Location: Insect Behavior and Biocontrol ResearchTitle: Costly nutritious diets do not necessarily translate into better performance of artificaially reared fruit files (Diptera: Tephritidae) Author
|Pascacio-villafan, C - Institute De Ecologia - Mexico|
|Williams, T - Institute De Ecologia - Mexico|
|Birke, A - Institute De Ecologia - Mexico|
|Aluja, M - Institute De Ecologia - Mexico|
Submitted to: Journal of Economic Entomology
Publication Type: Peer Reviewed Journal
Publication Acceptance Date: 11/3/2014
Publication Date: 2/3/2015
Citation: Pascacio-Villafan, C., Williams, T., Sivinski, J.M., Birke, A., Aluja, M. 2015. Costly nutritious diets do not necessarily translate into better performance of artificaially reared fruit files (Diptera: Tephritidae). Journal of Economic Entomology. 108(1):53-59.
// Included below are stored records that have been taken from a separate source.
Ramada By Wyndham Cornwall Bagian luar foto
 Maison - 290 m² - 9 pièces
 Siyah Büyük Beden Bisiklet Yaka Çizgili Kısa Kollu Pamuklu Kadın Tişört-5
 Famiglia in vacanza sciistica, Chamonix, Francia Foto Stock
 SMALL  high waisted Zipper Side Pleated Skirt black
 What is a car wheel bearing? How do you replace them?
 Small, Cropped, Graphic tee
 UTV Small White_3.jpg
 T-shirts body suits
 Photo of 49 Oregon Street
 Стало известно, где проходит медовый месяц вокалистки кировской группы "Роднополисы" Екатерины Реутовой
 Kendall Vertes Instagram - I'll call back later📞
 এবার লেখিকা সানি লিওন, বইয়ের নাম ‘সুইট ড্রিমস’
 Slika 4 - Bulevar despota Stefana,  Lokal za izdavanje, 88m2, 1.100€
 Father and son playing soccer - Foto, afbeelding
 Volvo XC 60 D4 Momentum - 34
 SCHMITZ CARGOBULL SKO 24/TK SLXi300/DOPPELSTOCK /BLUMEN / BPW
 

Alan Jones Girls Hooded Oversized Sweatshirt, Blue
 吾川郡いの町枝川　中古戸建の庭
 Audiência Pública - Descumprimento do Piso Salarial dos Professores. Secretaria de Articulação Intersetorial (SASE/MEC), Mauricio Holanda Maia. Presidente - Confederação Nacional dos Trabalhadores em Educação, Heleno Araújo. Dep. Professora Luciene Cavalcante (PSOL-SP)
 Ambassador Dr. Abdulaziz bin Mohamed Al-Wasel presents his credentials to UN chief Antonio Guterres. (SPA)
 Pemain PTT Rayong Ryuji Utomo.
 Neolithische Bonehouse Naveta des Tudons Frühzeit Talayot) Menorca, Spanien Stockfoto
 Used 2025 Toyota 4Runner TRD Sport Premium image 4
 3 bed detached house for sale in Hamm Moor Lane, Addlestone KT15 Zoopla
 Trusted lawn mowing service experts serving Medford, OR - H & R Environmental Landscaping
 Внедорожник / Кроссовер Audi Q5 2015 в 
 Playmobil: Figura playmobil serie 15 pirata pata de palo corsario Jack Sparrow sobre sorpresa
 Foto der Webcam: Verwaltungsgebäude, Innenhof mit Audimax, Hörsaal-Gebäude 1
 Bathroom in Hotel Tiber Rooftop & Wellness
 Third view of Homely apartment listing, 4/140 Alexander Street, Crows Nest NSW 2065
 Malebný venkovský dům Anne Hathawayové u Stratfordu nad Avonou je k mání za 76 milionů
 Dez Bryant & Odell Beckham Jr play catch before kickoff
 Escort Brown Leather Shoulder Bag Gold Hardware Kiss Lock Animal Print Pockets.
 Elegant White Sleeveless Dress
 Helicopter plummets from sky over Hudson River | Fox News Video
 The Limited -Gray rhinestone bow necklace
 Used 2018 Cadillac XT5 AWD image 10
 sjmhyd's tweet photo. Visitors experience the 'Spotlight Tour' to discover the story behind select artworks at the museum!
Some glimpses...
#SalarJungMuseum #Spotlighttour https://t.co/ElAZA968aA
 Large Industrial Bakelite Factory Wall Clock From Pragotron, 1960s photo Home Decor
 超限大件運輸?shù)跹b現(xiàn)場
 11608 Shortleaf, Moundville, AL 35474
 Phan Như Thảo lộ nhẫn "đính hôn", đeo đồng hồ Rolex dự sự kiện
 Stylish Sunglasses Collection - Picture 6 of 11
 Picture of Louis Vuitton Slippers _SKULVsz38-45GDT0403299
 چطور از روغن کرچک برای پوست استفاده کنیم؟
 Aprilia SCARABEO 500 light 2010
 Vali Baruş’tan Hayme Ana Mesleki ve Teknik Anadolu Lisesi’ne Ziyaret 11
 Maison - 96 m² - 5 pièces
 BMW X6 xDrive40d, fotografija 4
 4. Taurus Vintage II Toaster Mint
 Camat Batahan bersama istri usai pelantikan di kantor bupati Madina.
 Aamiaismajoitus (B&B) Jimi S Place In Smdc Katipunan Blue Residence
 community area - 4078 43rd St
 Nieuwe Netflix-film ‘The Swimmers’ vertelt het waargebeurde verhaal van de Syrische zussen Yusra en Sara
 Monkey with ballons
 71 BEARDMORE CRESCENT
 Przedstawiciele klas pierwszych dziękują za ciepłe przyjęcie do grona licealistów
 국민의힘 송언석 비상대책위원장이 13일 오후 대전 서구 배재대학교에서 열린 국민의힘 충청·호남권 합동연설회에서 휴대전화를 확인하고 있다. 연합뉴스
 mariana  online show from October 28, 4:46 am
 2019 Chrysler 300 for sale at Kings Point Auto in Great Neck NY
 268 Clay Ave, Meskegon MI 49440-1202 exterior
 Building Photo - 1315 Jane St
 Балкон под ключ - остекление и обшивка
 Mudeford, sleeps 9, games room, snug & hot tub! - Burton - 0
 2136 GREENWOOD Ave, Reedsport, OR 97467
Interpretive Summary: Diets are one of the most expensive components of insect rearing. When millions or billions of insects are produced every week for Sterile Insect Technique (SIT) or augmentative release programs optimizing diets can have result in substantial savings. Several diets used to rear Mexican fruit flies in various facilities and with different nutrient contents were compared in terms of larval survival, pupation, pupal weight, adult emergence, sex ratio and flight capacity. In general, there were few differences among the insects that developed on the diets and these tended to be relatively minor. It appears that costly nutrients in some A. ludens’ diets can be reduced without compromising product performance.
Technical Abstract: Protein, lipid, carbohydrate and energy contents of three artificial diets (Xal2, Met1 and Met2) used for laboratory-rearing and mass-rearing the Mexican fruit fly, Anastrepha ludens (Loew), for a sterile insect technique (SIT) program were measured. The larval survival, pupation, pupal weight, adult emergence, sex ratio and flight capacity of the flies reared on each of these diets were also quantified. The diet with the highest nutrient and energy content was Xal2 followed by Met2 and Met1, but larval recovery and percent pupation was significantly higher in flies reared on either the Met1 or Met2 diets. Anastrepha ludens reared on Xal2 exhibited the highest proportion of adults capable of flight. No other response variable differed significantly among the three diets tested. This suggests that a high content of nutrients and multiple sources of protein (dried yeast and wheat germ in the case of the Xal2 diet) do not necessarily improve overall performance or fly quality. We conclude that nutritious diets for A. ludens can be modified to reduce their cost without compromising the performance of artificially reared flies.